#### BRIEF:
Only one stretch of the records below should be repeated. It starts with the line containing "Quinceanera Dress Princess" and goes on through the line containing "Hawaiian Hibiscus Tribal", exactly as written.

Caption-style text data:
------------

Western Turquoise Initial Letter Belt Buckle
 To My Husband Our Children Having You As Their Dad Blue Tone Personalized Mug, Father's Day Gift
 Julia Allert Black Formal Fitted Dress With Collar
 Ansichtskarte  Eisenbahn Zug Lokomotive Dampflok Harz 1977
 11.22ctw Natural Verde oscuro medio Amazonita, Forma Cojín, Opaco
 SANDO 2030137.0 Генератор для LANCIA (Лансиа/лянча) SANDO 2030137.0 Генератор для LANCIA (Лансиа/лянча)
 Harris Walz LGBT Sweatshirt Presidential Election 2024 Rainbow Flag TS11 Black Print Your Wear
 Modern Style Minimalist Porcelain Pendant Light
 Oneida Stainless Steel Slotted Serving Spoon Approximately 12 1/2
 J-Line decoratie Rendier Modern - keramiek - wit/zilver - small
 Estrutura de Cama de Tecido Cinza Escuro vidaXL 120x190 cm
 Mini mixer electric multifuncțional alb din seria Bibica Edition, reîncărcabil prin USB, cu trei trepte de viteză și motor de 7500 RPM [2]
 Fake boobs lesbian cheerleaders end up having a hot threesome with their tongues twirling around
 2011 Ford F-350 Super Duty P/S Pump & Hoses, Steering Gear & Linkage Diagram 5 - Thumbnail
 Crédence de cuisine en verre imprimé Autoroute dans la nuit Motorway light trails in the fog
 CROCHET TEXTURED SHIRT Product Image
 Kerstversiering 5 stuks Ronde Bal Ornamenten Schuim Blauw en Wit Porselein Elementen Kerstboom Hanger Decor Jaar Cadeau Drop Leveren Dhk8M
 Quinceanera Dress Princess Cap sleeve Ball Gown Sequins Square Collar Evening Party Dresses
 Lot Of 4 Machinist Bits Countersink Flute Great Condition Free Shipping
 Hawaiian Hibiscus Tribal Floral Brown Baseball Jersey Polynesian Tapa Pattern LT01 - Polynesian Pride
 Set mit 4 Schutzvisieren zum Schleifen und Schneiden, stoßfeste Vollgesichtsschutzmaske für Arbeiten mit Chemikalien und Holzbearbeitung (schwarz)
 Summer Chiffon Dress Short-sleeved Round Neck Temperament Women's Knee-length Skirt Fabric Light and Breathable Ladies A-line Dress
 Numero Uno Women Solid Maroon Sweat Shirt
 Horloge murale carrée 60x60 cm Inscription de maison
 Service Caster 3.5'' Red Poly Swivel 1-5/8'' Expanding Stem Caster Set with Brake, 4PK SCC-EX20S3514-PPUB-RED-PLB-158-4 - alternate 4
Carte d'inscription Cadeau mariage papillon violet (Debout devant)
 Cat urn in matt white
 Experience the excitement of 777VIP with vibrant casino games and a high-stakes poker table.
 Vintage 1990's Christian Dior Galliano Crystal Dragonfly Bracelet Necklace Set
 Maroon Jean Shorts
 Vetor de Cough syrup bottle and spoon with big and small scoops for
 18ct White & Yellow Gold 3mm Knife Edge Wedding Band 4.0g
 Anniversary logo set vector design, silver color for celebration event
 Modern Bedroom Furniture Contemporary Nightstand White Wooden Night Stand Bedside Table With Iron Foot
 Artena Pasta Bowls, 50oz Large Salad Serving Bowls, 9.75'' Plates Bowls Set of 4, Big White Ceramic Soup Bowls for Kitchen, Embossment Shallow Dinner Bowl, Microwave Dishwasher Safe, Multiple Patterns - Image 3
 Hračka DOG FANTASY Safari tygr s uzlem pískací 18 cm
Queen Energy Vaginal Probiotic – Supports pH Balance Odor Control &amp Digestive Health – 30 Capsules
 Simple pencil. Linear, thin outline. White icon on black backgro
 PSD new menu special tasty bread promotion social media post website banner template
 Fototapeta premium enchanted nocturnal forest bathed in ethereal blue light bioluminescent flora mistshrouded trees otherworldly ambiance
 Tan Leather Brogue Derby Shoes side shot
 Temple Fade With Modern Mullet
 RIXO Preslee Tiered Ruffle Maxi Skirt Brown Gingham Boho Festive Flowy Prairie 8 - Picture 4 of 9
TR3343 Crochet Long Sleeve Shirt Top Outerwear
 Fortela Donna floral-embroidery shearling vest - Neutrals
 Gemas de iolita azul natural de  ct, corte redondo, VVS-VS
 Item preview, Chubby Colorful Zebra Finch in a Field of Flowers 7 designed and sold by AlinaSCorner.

------------

#### PROBLEM SOLUTION:
 Quinceanera Dress Princess Cap sleeve Ball Gown Sequins Square Collar Evening Party Dresses
 Lot Of 4 Machinist Bits Countersink Flute Great Condition Free Shipping
 Hawaiian Hibiscus Tribal Floral Brown Baseball Jersey Polynesian Tapa Pattern LT01 - Polynesian Pride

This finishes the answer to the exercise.